Racism and the Slave Trade
To justify the slave trade its supporters dehumanised the African race, used as slaves, hence they were called "Black cattle". This led to Africans being thought of as an inferior race, the consequences of which can still be seen in acts of racism today.
Initially the colonial settlers did not distinguish between work that should be done by whites, blacks or Indians. Labour was not demarcated by racial divides. The sugar plantation and the arrival of large numbers of African slaves into the colonies soon changed that however, work came to be divided on racial grounds: only blacks should undertake certain work. Slaves in the Americas were unlike slaves in most previous slave societies, for they were characterised by colour. They were black slaves.
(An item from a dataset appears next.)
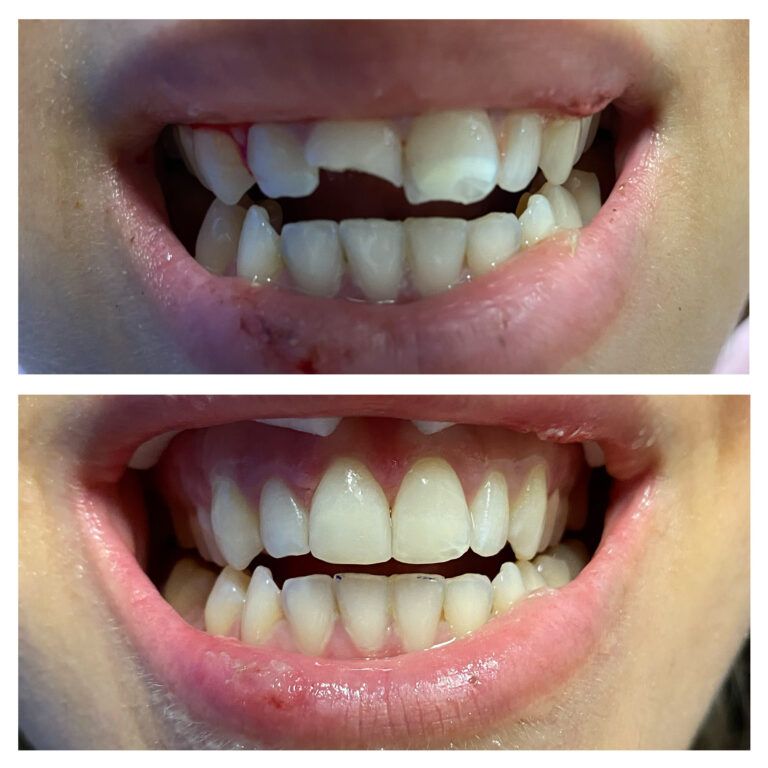 Crowns: Before & After treatment Patient 1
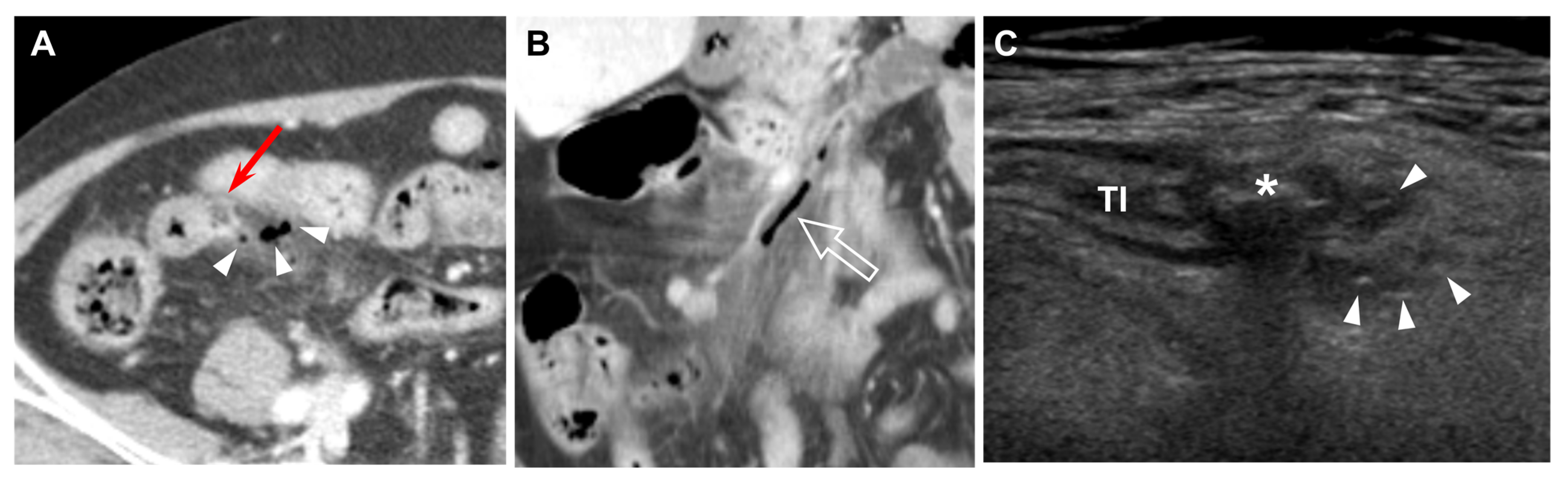 Diagnostics 13 01408 g004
In the process, it came to be assumed, in the mind of slave owners (later in the conventions of local society, subsequently in law and legal systems), that slave work could only be done by black people. Conversely, here was work which white people should not undertake. The slave plantations of the Americas brought into being a new language and mentality of race which was utterly unique and which was to survive the death of slavery itself. Racism had been born.
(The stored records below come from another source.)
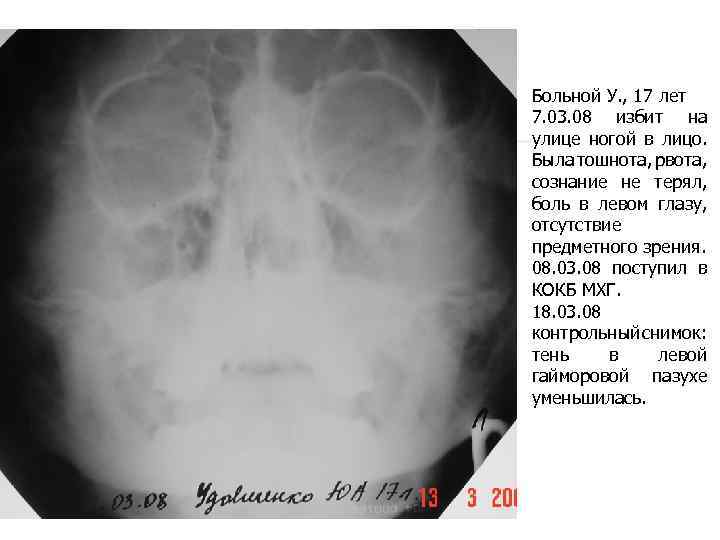 Больной У. , 17 лет 7. 03. 08 избит на улице ногой в лицо.
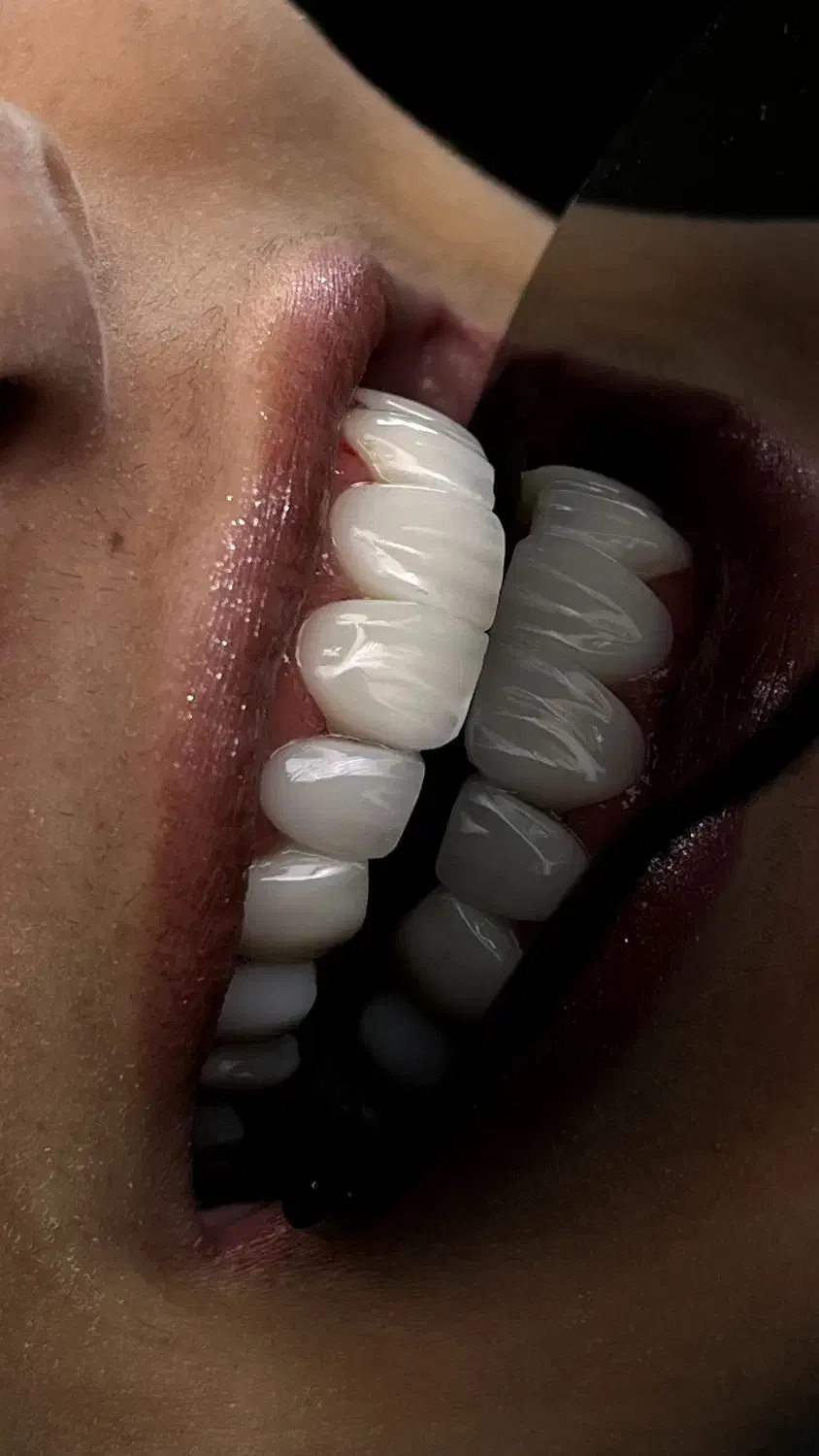 مدل کامپوزیت لیرینگ|خدمات آرایشگری و زیبایی|تهران, اباذر|دیوار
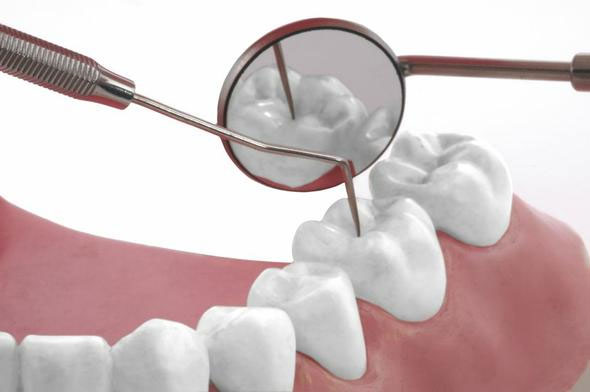 tooth white filling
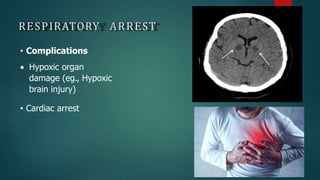 RESPIRATORY ARREST
• Complications
 Hypoxic organ
damage (eg., Hypoxic
brain injury)
• Cardiac arrest
 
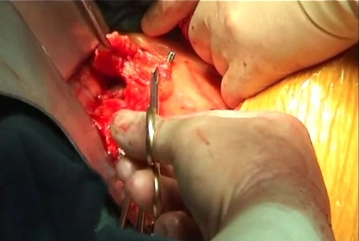 Präparation der infrarenalen Aorta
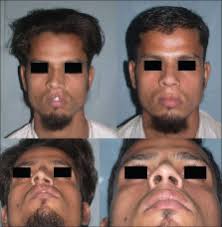 Authors: Uday Bhat, Bharat Patel. Source: PMC ID: 2825123. Journal: Indian Journal of Plastic Surgery : Official Publication of the Association of Plastic ... - large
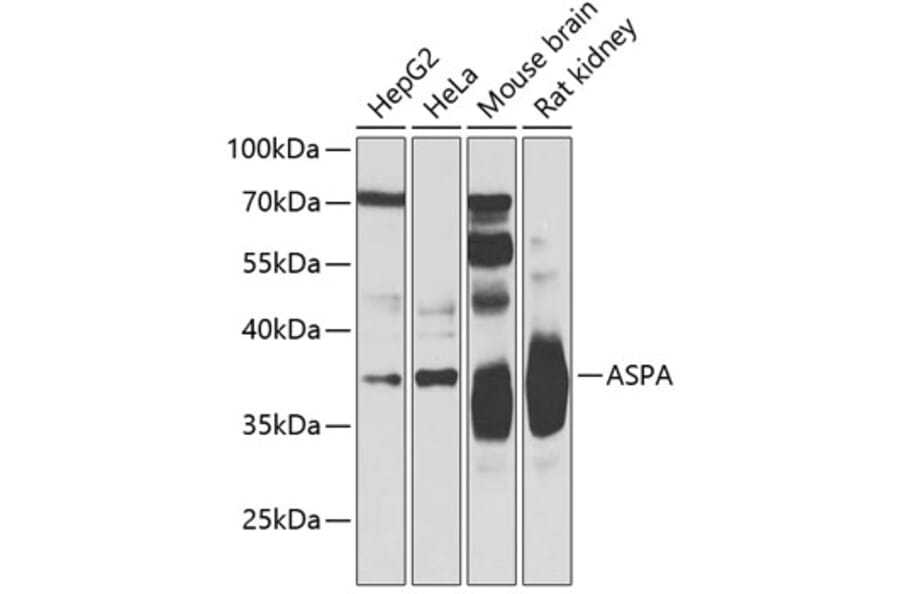 Western Blot - Anti-ASPA Antibody (A15619) - Antibodies.com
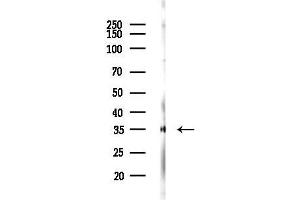 anti-Mitochondrial Ribosomal Protein L15 (MRPL15) (Internal Region) antibody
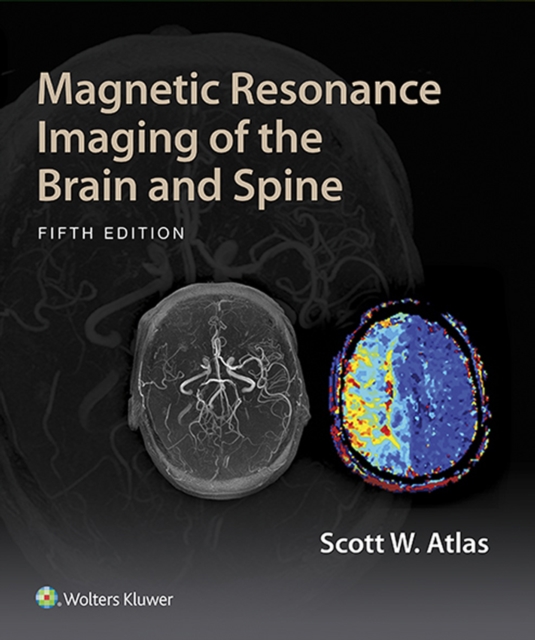 Magnetic Resonance Imaging of the Brain and Spine, EPUB eBook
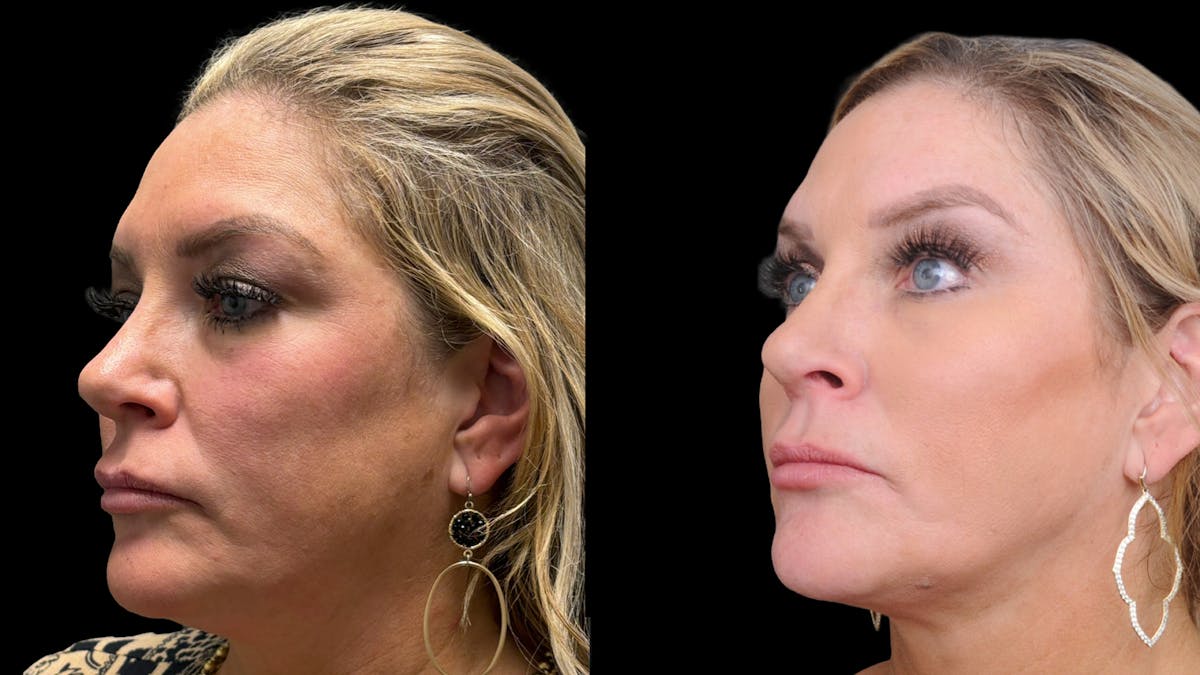 Lower Eyelid Surgery Before & After Gallery - Patient 326853 - Image 1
Perhaps the most important claim of the abolition movement on behalf of the slave was the simple question: 'Am I not a man and a brother?' The simplicity of that assertion disguises a fundamental issue. Atlantic slavery had hinged on the denial of this claim. The Atlantic slave trade was the beginning of a process which denied humanity to its millions of victims.
The slave became a non-person: a chattel, a thing, an object to be bequeathed and inherited, sold and bought. Moreover the slave was black; a person transmuted into a object of loathing by white society. All slave societies devised complex legal and social conventions for maintaining the separation, the uniqueness of blacks, by limiting their access to the law, to property, to certain relationships with white people. At times, whites went to bizarre lengths to maintain these racial hierarchies (and to ensure that whites remained on top). The end results were legal codes and local conventions which secured black humanity a permanent and inherited place at the bottom of the social heap. Nor was this simply a matter of legal practice. whites everywhere across the Americas internalised this hierarchy, believing in and living out as daily reality the racialism of slavery.
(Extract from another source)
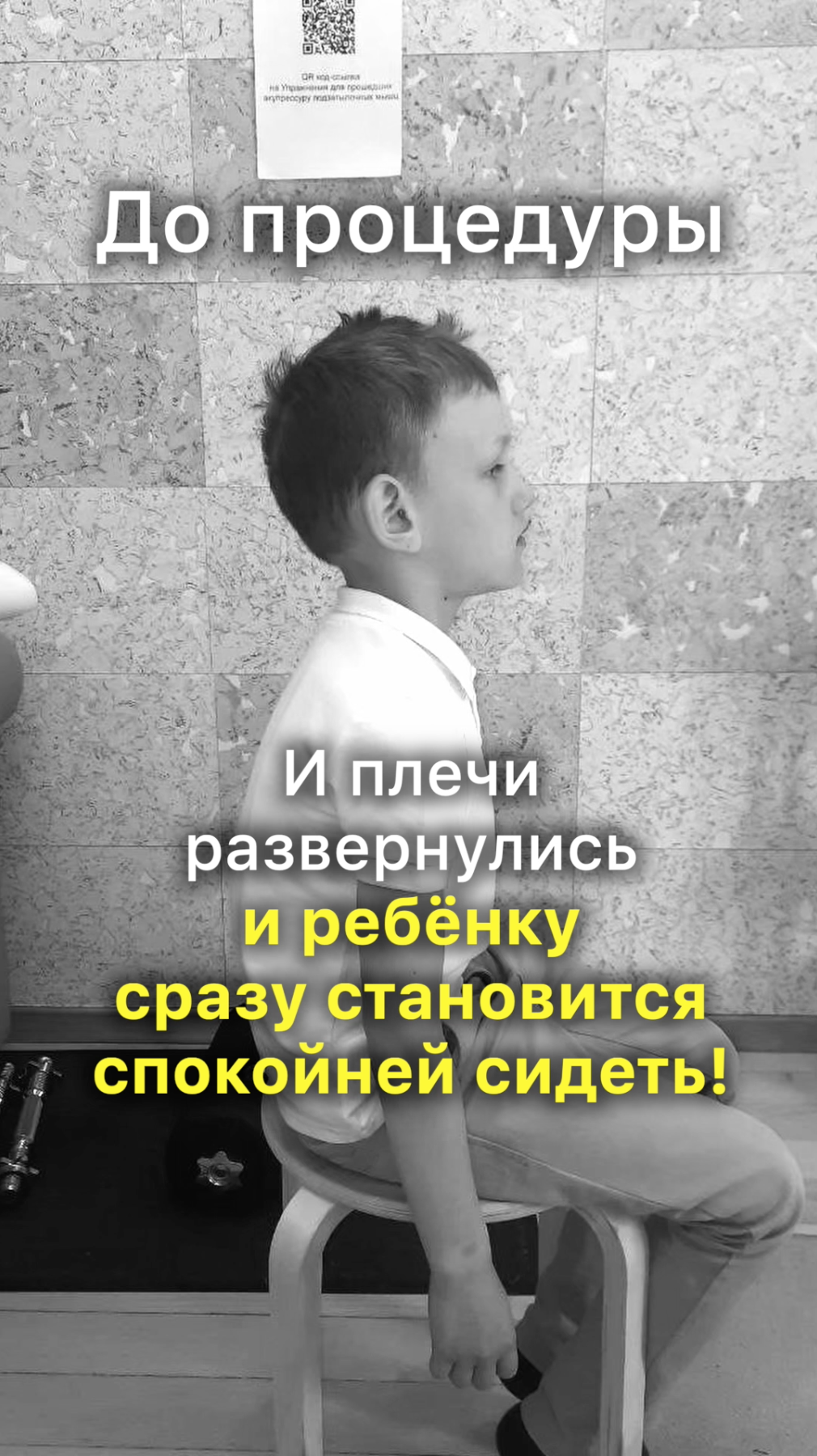 Ребёнок Сутулится? Главная причина! Как исправить сутулость у ребёнка. АКУПРЕССУРА - Россия. Отзыв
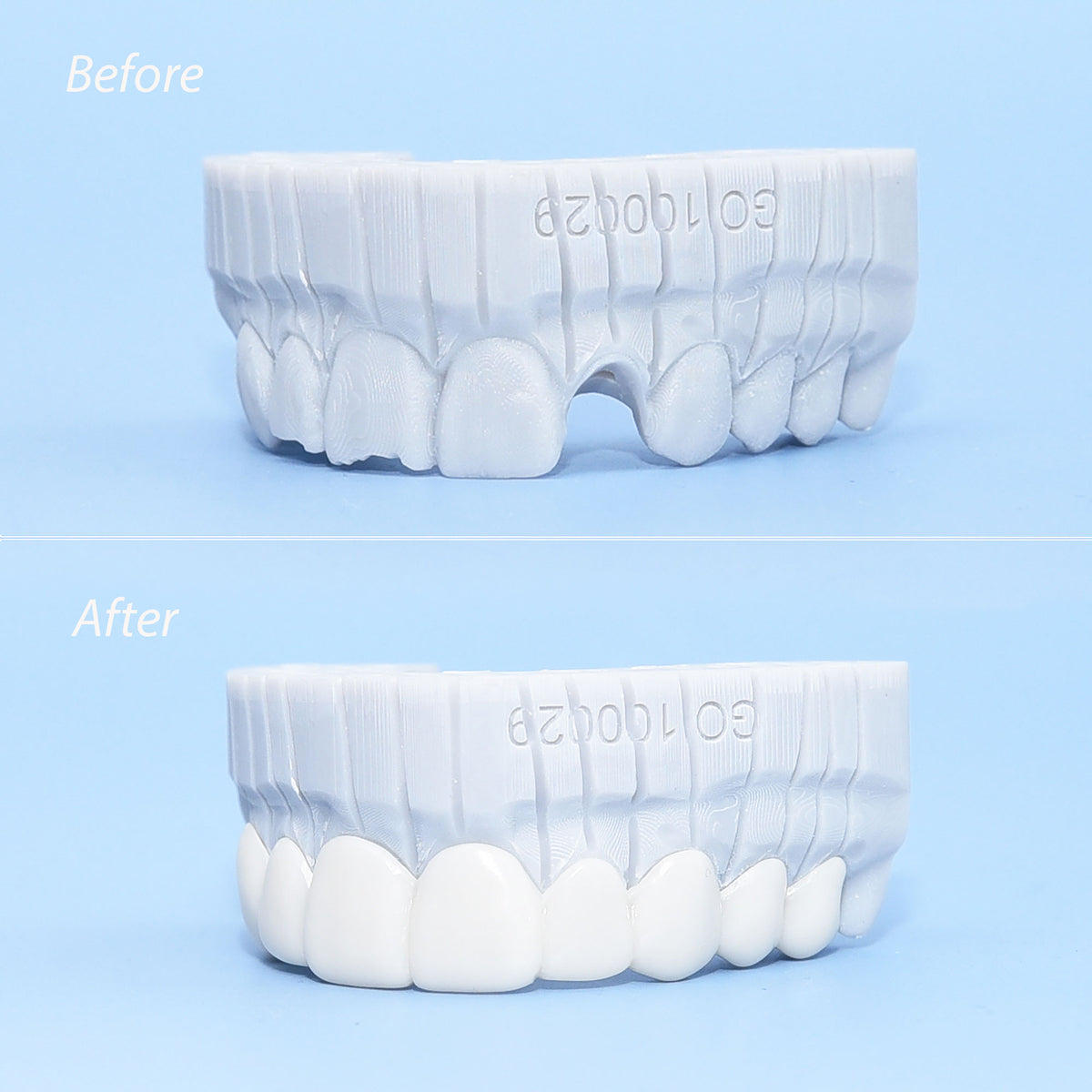 BellaVeneers Custom-Made Snap-On Veneers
Even the oft-repeated abolitionist phrase 'Am I not a man and a brother?' failed to dislodge the widespread allegiance to this racialised view of mankind. In the short term, however, the millions of ex-slaves who secured their freedom in the Americas in the 19th century were heirs to to an intellectual and political worldview which consigned them, at best, to the bottom of local society; at worst, it cast them beyond the pale of humanity completely. It was a process made worse, in the course of the 19th and 20th centuries, by the emergence of new social and natural sciences which devised racial categories of mankind to the great disadvantage of blacks, and indeed other races, everywhere. A consequence of this was the development of the Atlantean theory (the concept of a superior race descended from the civilisation supposedly responsible for building the lost city of Atlantis and other wonders of the ancient world) which fed the minds of the Nazis and gave reason to the horrors of the Holocaust.
Slavery was thus the critical force in the racialising of the western world in the years after the European invasions of the Americas. the legacy of those ideas lived on - and continues - long after slavery in the Americas itself had ended. Hence what seems at first glance to be a relatively simple historical story - the slave trade - forms the core of a complex historical process whose ramifications continue to reverberate throughout the modern world. The slave trade has to be, one of the most significant historical forces in the shaping of the Atlantic world.